[Start of Attachment]

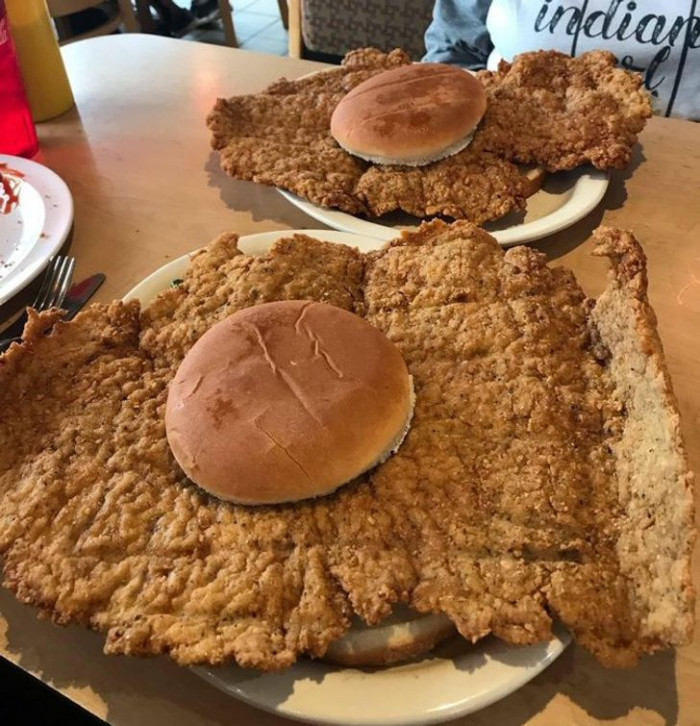 2. Are these even burgers or just buns placed on top of slabs of meat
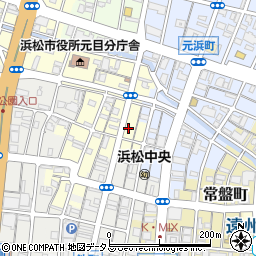 静岡県浜松市中央区元目町128-19周辺の地図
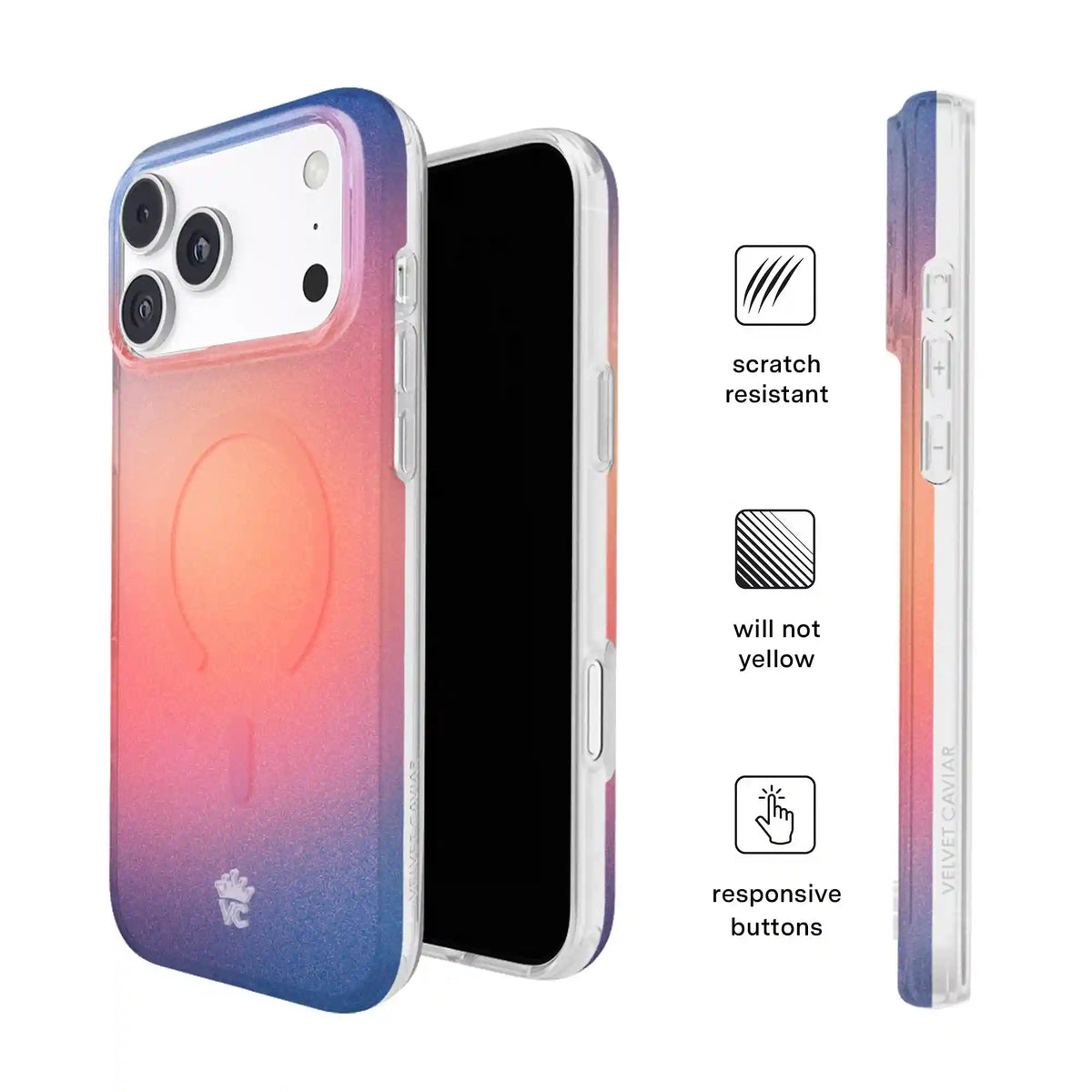 Sunset Glow Aura iPhone Case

[End of Attachment]

In the data above, find the line with "静岡県浜松市中央区元目町128-19周辺の地図" and repeat it and every line after it through the end, exactly; leave the pictures out.

• Reply:
 静岡県浜松市中央区元目町128-19周辺の地図
 Sunset Glow Aura iPhone Case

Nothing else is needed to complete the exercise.